FastLoader
C++ Library to load data from disk in parallel.
Install / Use
/learn @usnistgov/FastLoaderREADME
Fast Loader (FL) : A High-Performance Accessor for Loading N-Dimensional (tiled) files
An application programming interface to access large files, such as images.
The API presents these images as views (sub-regions) that are streamed as soon as a region is loaded. Algorithms can then process these views in parallel to overlap loading from disk with CPU/GPU computation.

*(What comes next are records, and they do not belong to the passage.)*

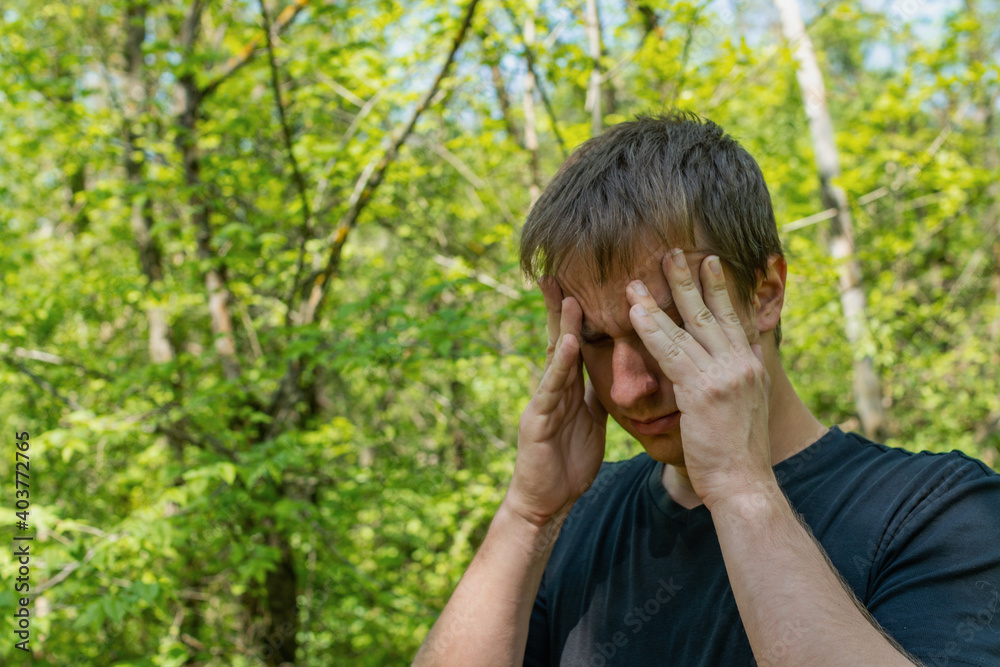 Man in depression with hands on forehead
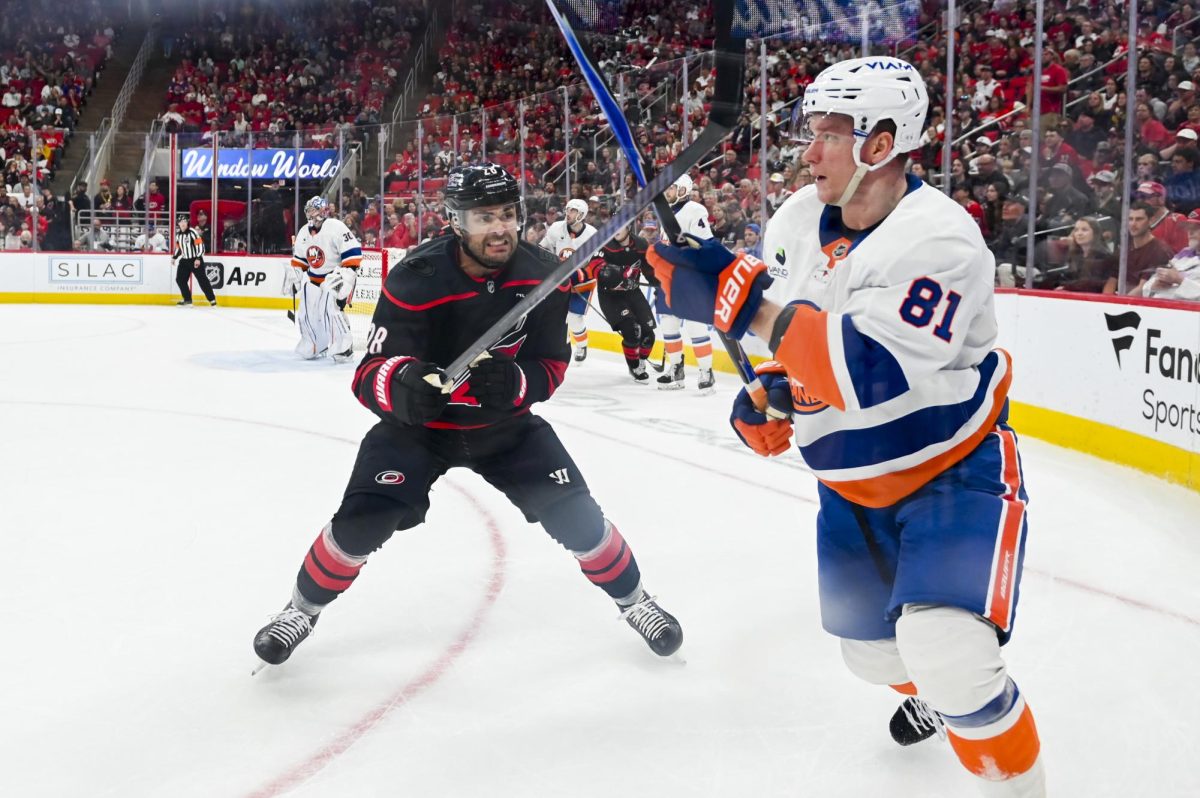 Left wing William Carrier battles an opponent for the puck during the game versus the New York Islanders at the Lenovo Center on Saturday, April 4, 2026. The Hurricanes beat the Islanders 4-3.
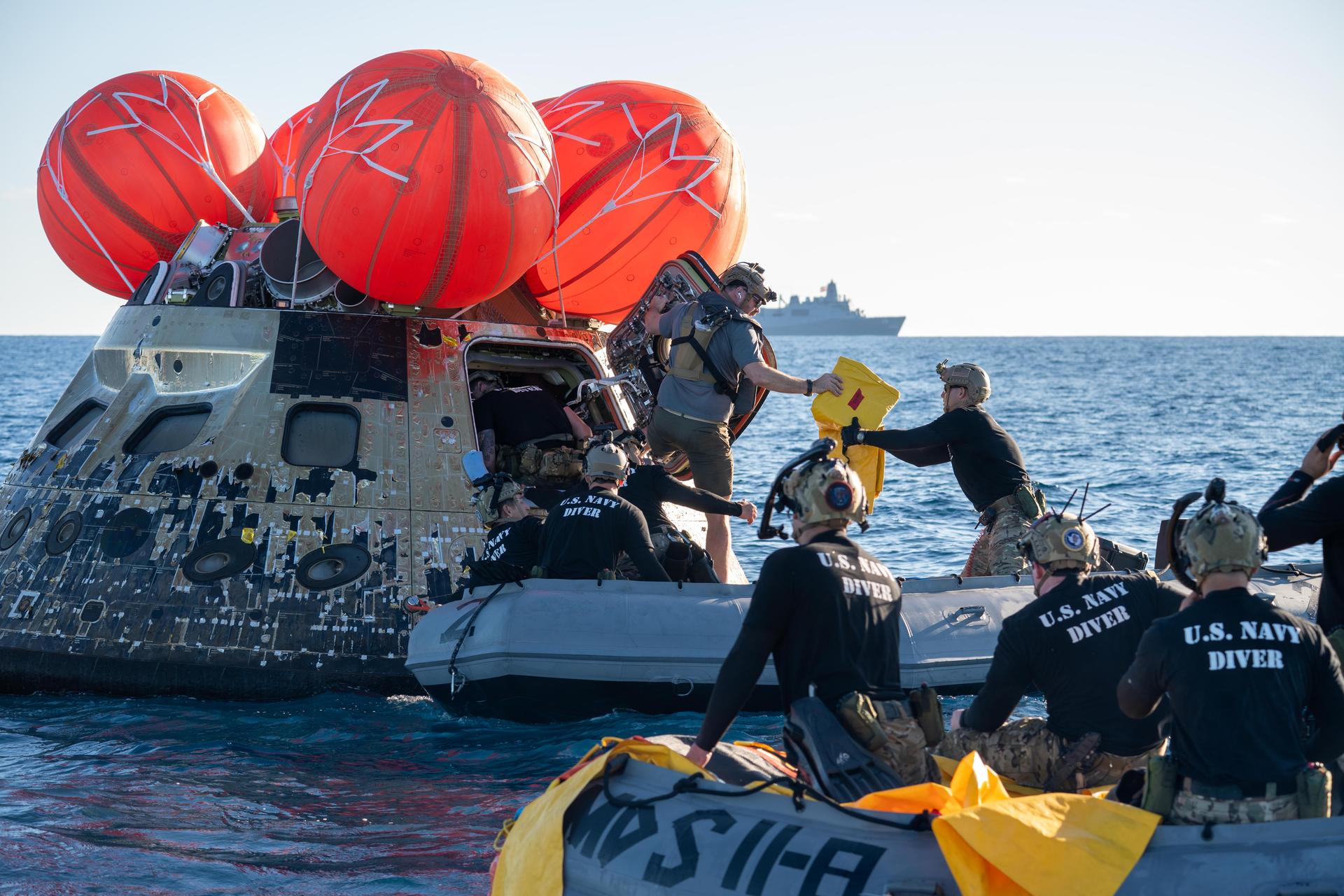 NASA’s Landing and Recovery team, along with U.S. Navy personnel aboard an inflatable raft approach NASA’s Orion spacecraft carrying Artemis II Commander Reid Wiseman, Pilot Victor Glover, and Mission Specialist Christina Koch from NASA, along with Mission Specialist Jeremy Hansen from the CSA (Canadian Space Agency), following splashdown in the Pacific Ocean near San Diego, California, at 5:07 p.m. PDT, (8:07 p.m. EDT) on Friday, April 10, 2026. The Artemis II test flight launched on Wednesday, April 1, from NASA’s Kennedy Space Center in Florida to begin its 10-day journey around the Moon for scientific discovery, economic benefits, and to build on our foundation for the first crewed missions to Mars. NASA’s Landing and Recovery team and the U.S. military are helping the Artemis II crew out of their Orion spacecraft. 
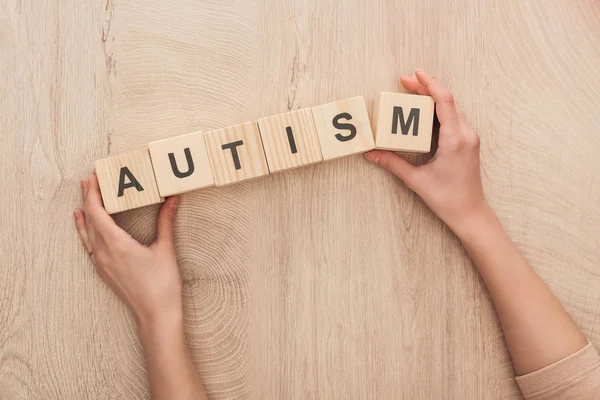 Cropped view of woman holding wooden cubes with autism lettering — Stock Photo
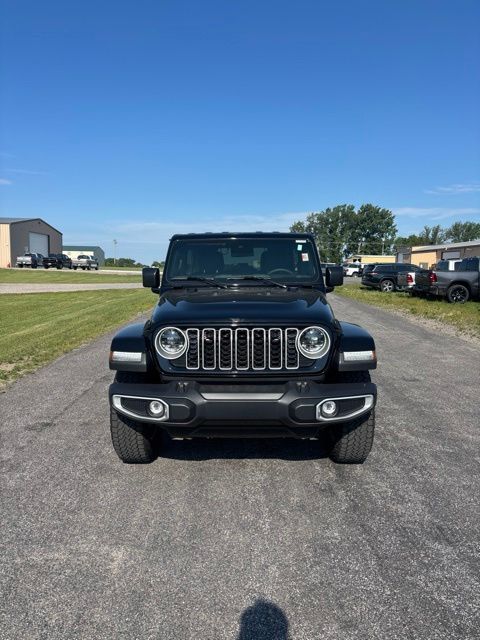 Used 2024 Jeep Wrangler 4-Door Sahara with VIN 1C4PJXEGXRW336422 for sale in Olivia, Minnesota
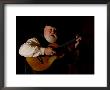 A Cowboy Sings Along To The Song His Guitar Is Playing by Taylor S. Kennedy Limited Edition Print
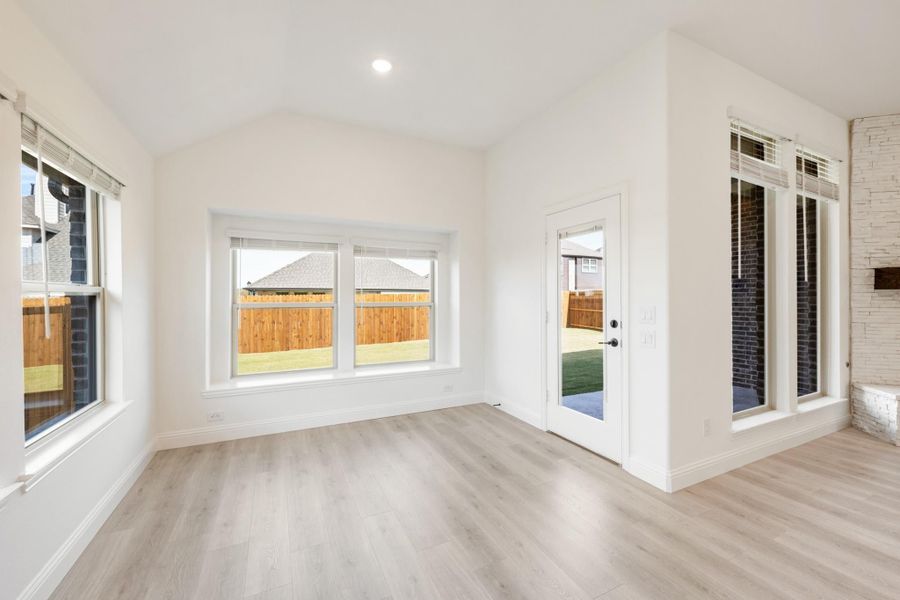 Empty living room with light wood floors, vaulted ceiling, large windows, and glass back door Empty living room with light wood floors, vaulted ceiling, large windows, and glass back door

FastLoader's approach attempts to maximize bandwidth through its parallelism and caching mechanisms.
Content
- [Installation Instructions]
- [Dependencies]
- [Building Fast Loader]
- [Motivation]
- [Approach]
- [Architecture]
- [Steps to Programming with Fast Loader]
- [Linking Fast Loader]
- [API overview]
- [How to create a Tile Loader ? How to access a specific file ?]
- [Getting started]
- [Credits]
- [Contact Us]
Installation Instructions
Dependencies
-
C++20 compiler (tested with gcc 11.1+, clang 10, and MSVC 14.33)
-
Hedgehog v.3 + (https://github.com/usnistgov/hedgehog)
-
LibTIFF (http://www.simplesystems.org/libtiff/) [optional / TIFF support]
-
doxygen (www.doxygen.org/) [optional / Documentation]
Building Fast Loader
CMake Options:
TEST_FAST_LOADER - Compiles and runs google unit tests for Fast Loader ('make run-test' to re-run)
:$ cd <FastLoader_Directory>
:<FastLoader_Directory>$ mkdir build && cd build
:<FastLoader_Directory>/build$ ccmake ../ (or cmake-gui)
'Configure' and setup cmake parameters
'Configure' and 'Build'
:<FastLoader_Directory>/build$ make
Motivation
The hardware landscape for high-performance computing currently features compute nodes with a high degree of parallelism within a node (e.g., 46 cores for the newly-announced Qualcomm Centriq CPU, 32 physical cores for the AMD Epyc CPU, and 24 logical cores for an Intel Xeon Skylake CPU), that increases with every new hardware generation. By contrast, the amount of memory available per core is not increasing in a commensurate manner and may even be decreasing especially when considered on a per-core basis. Furthermore, while the computational capacity of these systems keeps on improving, their programmability remains quite challenging. As such, designing image processing algorithms to minimize memory usage is a key strategy to taking advantage of this parallelism and support concurrent users or the multithreaded processing to large files.
Approach
Fast Loader improves programmer productivity by providing high-level abstractions, View and Tile, along with routines that build on these abstractions to operate across entire files without actually loading it in memory. The library operates on tiles with possibly a halo of pixels around an individual tile. Fast Loader only loads a small number of tiles to maintain a low-memory footprint and manages an in-memory cache. Furthermore, the library takes advantage of multicore computing by offloading tiles to compute threads as soon as they become available. This allows for multiple users to maintain high throughput, while processing several images or views concurrently.
Key concepts
Tile
The following picture represents an image divided into tiles. Each gray squares represent a pixel. A contiguous ND group of pixels is named a tile (surrounded by a black border in the image).

View
A View is a tile augmented by a halo of pixels around it in every dimension. These Views are then composed by a central tile (in red) and ghost values in green and brown. The green values need to be created, by default, FastLoader uses the values that already are in the buffer. Another Border Creator available fills these values with a constant. (An API exists to create user-defined Border Creator). The brown values are taken by the surrounding tiles.
View memory layout
Images and views have their dimensions ordered from the least to the most dense.
If the image is using multiple channels (RGB images for example), the channel number is considered a dimension.
In the following image the dimensions, in order, are depth (number of layers), height (number of rows), and width (number of columns).
By default, the radii (halo size) are applied to all dimensions (including the depth and the channels).
It is possible to define the radius per dimension.
This image shows memory layout for two views that have the same height and width but different depth size.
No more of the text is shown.